Lido e relido, acabo por sentir cada vez mais as suas opções, as suas razões, que acompanho há anos. E estou de acordo com elas.

"O Senhor te abençoe e te proteja. O Senhor faça brilhar sobre ti a sua face e te seja favorável. O Senhor volte para ti os seus olhos e te conceda a paz"

Claro que foi o Papa Pio XII na sua alocução de Natal de 1944. No Vaticano:
Radiomensaje «Benignitas et Humanitas» de su Santidad Pío XII en la víspera de Navidad
24 de diciembre de 1944 — Sexta Navidad de guerra
«Benignitas et humanitas apparuit Salvatoris nostri Dei» (Tt3,4).

Não há versão em português. Se calhar por não convir...

Abraço

Manuel N. J. Gonçalves disse...

Pode ler a mensagem do Santo Padre Pio XII aqui:

http://o-povo.blogspot.pt/search/label/Papa%3A%20Pio%20XII

Bom Ano Novo!

Nuno disse...

Este texto fez-me lembrar o livro "Massa e Poder" de Elias Canetti, escrito vários anos após esta alocução do Papa Pio XII. Bem-vindo de volta, Professor. É sempre um prazer ler as sua reflexões. Obrigado!

Anónimo disse...

Eu ainda tive o privilégio de crescer numa vila com povo, com figuras típicas, esse mundo entretanto morreu um pouco com a urbanização do povo... Havia de tudo um pouco, industriais, trolhas, barbeiros, pastores, havia até prostitutas e bichas. Eram 20 e tal mil almas no concelho e 4 mil na vila. Toda a gente se conhecia, todos se toleravam uns aos outros, mas havia já o bichinho partidário do comunismo em meia dúzia de gatos pingados que nas tabernas atiçavam empregados contra patrões...

Rui Alves disse...

A resposta à pergunta final não me parece difícil. O pai de família sempre existiu e sempre existirá. O político partidário só existe enquanto há dinheiro (dos outros, de preferência).

Rui Alves disse...

Na nossa cultura católica, o padrão normal dos partidos é nascerem e beneficiarem de um período de florescimento, tipo vírus, em que atacam e se apoderam de tudo o que se mexe, até finalmente infectarem o objectivo mais recôndito e inexpugnável de todos: o lar e a família. Mas nessa altura, qual parasita estúpido que mata o hospedeiro, já têm apodrecido o tecido social e causado a desgregação da nação, acabando destruídos na voragem que criaram.

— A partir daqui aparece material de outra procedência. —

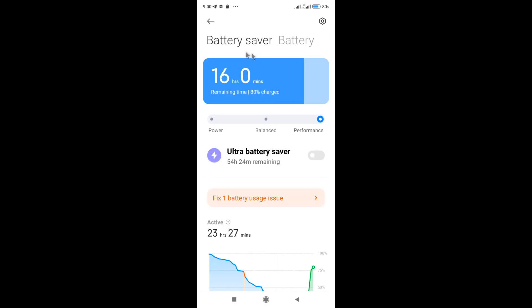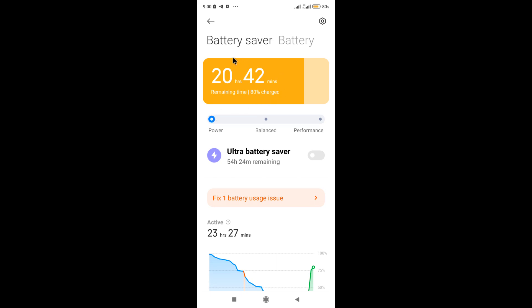This window shows the remaining battery life of the phone. If you set the slider here to balance, then the battery life will increase. If you put it on power, then the battery life will increase even more.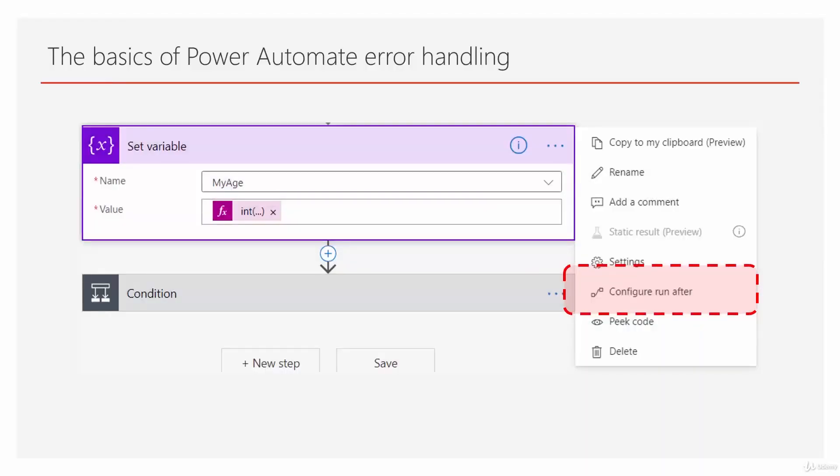In the last lecture, we understood the problem. Now we want to see what Power Automate offers so that we can use and handle the errors. The key of all these exception handling or error handling is a feature called configure run after.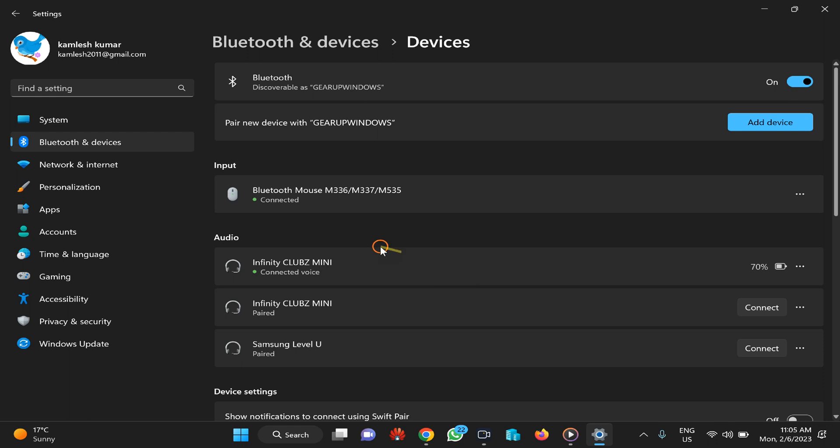If you have connected your Bluetooth device now, you can see the battery percentage or battery level beside the Bluetooth device.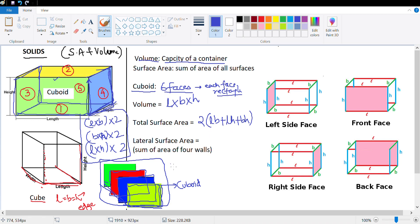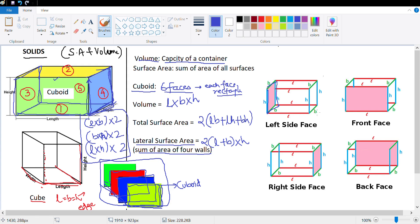That brings us to lateral surface area. Lateral surface area is the sum of the area of four walls — remove the floor and remove the ceiling. The formula is 2(L + B) × H, which is 2LH + 2BH. The four faces are: left side B×H, front face L×H, back face L×H, and right side B×H.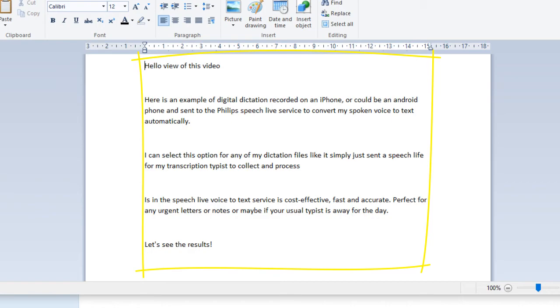Perfect for any urgent letters or notes, or maybe if your usual typist is away for the day, full stop, new paragraph. Let's see the results, exclamation mark.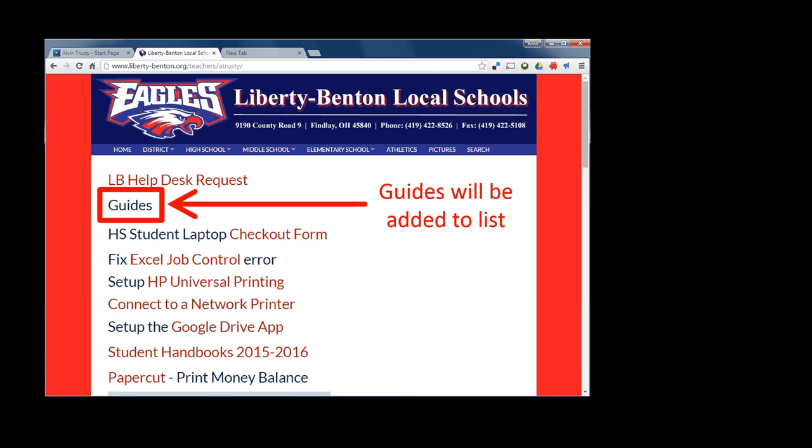Also, if there's a guide you want to see — if there's something you think is important and you know how to do it, and something quick — just let me know and I can add it to the list.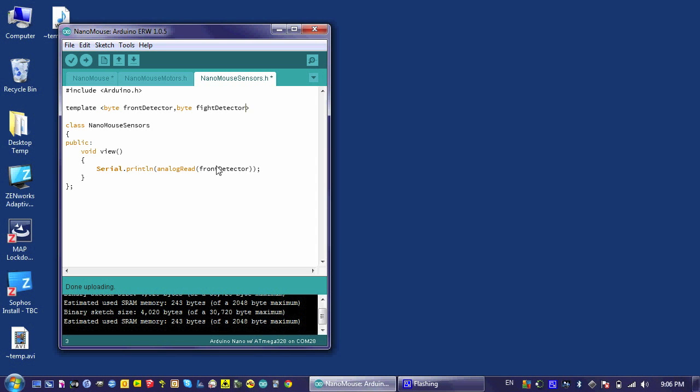Down here, I have to add a couple more lines of code. I'm going to say serial dot print line analog read write detector.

Segue-se depois uma ditadura férrea que acaba por cremar e enterrar os partidos e trazer de volta (por vezes em excesso, é a famosa metáfora do pêndulo) tudo o que os partidos tentaram destruir.

Exemplos não faltam: Portugal na I República, seguido do regime de Salazar; Espanha na década de 30, em que se "fuzilaram" imagens de Nª Senhora, seguida do regime de Franco que, segundo consta, até tornou obrigatório por lei o baptismo católico; o Chile de Allende, seguido da ditadura de Pinochet. Acredito que lamentavelmente o Portugal da III República acabará por engrossar a lista.

Mas os pais de família, esses sempre existirão. E nessa altura, precisaremos deles mais do que nunca. Precisaremos de homens de família, responsáveis, em vez de catraios que nunca saíram da adolescência mas que andam por aí a brincar aos governos enquanto esperam que a jota e o partido velem pelas vidinhas deles.

marina disse...

a desordem fará que clamemos pela ordem . sempre foi assim , como diz , Rui.

ze laranja disse...

"O instrumento é o poder em várias manifestações". Sem dúvida. o Estado portugues tem um vaso rol. Coném fazer a listagem. Juntaria:"autoridade"presente em inumeros organismos estatais - Alta Autoridade para a Comunicação Social; Autoridade Tributária e Aduaneira; e expressoes : "agente da autoridade". Tudo para diminuir o cidadão.